Any advice would be more than welcome.
Cheers,
Johnny
I want a version with GPU actually. My impresssion that by running:
pip install thundersvm
it is using cuda but please correct me if I am wrong.
Hi there,
Indeed, there is no libcusparse.so.9.0
on Baobab, but there are:
libcusparse.so.9.1
(CUD/9.1.85)
libcusparse.so.9.2
(CUDA/9.2.88)
libcusparse.so.10
(either CUDA/10.1.105 or CUDA/10.1.243)
According to the upstream documentation, installing via PIP without specifying anything requires means “CUDA 9.0 - linux_x86_64” (cf. thundersvm/README.md at 943a0989dc2f17092fa294b1abf354575397949e · Xtra-Computing/thundersvm · GitHub ).

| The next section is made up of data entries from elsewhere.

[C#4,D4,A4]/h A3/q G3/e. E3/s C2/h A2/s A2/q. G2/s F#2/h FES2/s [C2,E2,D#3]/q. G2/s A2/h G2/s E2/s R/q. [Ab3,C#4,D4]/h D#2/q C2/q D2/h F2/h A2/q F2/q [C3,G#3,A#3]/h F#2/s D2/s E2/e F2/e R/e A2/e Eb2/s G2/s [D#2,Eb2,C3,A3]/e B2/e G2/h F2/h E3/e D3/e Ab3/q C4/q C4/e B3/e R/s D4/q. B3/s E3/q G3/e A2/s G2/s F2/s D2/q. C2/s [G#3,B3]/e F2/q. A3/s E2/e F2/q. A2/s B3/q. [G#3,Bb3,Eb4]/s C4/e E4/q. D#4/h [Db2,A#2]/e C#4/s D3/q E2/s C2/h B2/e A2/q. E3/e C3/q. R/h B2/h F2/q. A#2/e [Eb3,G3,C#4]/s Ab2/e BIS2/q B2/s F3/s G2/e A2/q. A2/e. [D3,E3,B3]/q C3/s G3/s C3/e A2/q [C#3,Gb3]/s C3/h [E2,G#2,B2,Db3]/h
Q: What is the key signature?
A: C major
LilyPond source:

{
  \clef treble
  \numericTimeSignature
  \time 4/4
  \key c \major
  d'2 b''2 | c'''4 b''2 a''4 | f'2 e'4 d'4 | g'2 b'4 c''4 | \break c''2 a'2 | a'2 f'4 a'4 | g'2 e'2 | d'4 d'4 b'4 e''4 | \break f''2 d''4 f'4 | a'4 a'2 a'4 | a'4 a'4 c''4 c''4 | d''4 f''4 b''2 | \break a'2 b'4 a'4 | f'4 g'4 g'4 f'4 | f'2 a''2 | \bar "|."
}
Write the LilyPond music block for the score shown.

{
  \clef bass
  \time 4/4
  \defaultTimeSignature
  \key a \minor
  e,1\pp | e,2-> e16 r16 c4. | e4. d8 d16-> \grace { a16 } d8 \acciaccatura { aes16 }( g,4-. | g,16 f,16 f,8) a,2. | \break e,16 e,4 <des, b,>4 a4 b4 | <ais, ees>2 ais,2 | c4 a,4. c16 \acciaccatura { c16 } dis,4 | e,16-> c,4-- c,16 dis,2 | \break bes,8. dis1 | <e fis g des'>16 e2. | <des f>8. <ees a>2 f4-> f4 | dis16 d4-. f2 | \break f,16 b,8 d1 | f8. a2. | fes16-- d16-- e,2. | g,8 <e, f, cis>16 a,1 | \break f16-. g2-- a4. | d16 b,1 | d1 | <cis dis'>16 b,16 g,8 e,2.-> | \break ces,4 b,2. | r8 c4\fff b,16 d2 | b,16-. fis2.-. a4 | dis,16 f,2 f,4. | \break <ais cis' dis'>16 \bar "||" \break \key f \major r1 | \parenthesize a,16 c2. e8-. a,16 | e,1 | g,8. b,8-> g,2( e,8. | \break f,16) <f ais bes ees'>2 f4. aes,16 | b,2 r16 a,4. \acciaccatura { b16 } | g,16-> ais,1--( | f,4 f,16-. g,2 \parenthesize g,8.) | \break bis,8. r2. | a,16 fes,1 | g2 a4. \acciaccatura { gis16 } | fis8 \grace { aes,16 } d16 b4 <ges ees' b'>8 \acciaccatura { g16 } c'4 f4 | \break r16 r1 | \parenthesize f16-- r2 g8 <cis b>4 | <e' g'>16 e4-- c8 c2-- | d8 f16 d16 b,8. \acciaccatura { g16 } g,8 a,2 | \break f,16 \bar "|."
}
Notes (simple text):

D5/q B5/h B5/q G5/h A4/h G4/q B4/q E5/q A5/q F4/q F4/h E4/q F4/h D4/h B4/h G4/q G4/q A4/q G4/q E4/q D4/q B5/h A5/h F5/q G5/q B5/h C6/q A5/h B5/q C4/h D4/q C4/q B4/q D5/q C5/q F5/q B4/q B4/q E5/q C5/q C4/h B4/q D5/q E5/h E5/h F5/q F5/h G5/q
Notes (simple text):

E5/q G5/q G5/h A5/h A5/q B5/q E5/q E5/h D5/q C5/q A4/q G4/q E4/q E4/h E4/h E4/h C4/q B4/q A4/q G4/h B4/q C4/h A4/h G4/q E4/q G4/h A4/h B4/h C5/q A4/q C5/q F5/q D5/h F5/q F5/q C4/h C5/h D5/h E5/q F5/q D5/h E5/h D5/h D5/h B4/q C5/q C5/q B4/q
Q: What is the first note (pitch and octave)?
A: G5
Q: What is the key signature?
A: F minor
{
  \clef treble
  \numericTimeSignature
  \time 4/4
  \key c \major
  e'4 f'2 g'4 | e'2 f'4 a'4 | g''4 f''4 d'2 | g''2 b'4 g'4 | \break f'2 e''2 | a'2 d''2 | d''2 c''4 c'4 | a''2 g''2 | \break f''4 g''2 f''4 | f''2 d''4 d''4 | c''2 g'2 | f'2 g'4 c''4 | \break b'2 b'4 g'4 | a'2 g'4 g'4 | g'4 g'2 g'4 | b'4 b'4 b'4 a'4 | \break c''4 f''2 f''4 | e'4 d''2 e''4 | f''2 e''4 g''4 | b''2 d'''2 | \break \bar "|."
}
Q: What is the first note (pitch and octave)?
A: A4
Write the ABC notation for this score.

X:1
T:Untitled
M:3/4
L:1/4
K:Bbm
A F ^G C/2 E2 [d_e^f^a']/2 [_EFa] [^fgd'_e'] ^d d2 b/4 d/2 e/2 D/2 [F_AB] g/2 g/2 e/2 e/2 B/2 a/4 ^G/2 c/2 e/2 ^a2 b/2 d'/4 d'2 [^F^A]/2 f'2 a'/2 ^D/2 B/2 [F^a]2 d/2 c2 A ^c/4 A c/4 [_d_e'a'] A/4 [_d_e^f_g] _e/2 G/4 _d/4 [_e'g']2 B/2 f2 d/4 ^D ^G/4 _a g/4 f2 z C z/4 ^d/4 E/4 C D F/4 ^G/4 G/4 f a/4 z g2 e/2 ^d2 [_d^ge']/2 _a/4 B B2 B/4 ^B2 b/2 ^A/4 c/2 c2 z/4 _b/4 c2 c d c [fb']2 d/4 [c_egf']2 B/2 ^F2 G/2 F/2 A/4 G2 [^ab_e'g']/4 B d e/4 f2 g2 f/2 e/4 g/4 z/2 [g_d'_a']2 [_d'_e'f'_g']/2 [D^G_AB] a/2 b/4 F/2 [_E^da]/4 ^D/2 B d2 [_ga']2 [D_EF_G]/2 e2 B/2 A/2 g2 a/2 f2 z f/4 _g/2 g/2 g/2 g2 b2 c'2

The wheel files available are only 3 (cf. Search results · PyPI ), trying the cuda10 generates another error:
capello@login2:~$ module list
No modules loaded
capello@login2:~$ module load GCC/8.2.0-2.31.1 OpenMPI/3.1.3
capello@login2:~$ module load Python/3.7.2
capello@login2:~$ module load CUDA/10.0.130
capello@login2:~$ virtualenv --no-site-packages test-thundersvm-cuda10
[...]
capello@login2:~$ . test-thundersvm-cuda10/bin/activate
(test-thundersvm-cuda10) capello@login2:~$ pip install thundersvm-cuda10
[...]
Successfully installed joblib-0.14.1 numpy-1.18.1 scikit-learn-0.22.1 scipy-1.4.1 thundersvm-cuda10-0.3.5
(test-thundersvm-cuda10) capello@login2:~$ python
Python 3.7.2 (default, Nov 18 2019, 10:47:22)
[GCC 8.2.0] on linux
Type "help", "copyright", "credits" or "license" for more information.
>>> import thundersvm
Traceback (most recent call last):
File "", line 1, in
File "/home/users/c/capello/test-thundersvm-cuda10/lib/python3.7/site-packages/thundersvm/__init__.py", line 10, in
from .thundersvm import *
File "/home/users/c/capello/test-thundersvm-cuda10/lib/python3.7/site-packages/thundersvm/thundersvm.py", line 39, in
thundersvm = CDLL(lib_path)
File "/opt/ebsofts/Python/3.7.2-GCCcore-8.2.0/lib/python3.7/ctypes/__init__.py", line 356, in __init__
self._handle = _dlopen(self._name, mode)
OSError: /usr/lib64/libm.so.6: version `GLIBC_2.27' not found (required by /home/users/c/capello/test-thundersvm-cuda10/lib/python3.7/site-packages/thundersvm/libthundersvm.so)
>>>
Time to investigate…
Thx, bye,
Luca
Hello,
We have different issue there. @John.Raine, as @Luca.Capello said, we don’t have Cuda 9.0
on Baobab.
@Luca.Capello tried with a more recent .whl
file, but this file needs a more recent version of GLIBC than we have on Baobab.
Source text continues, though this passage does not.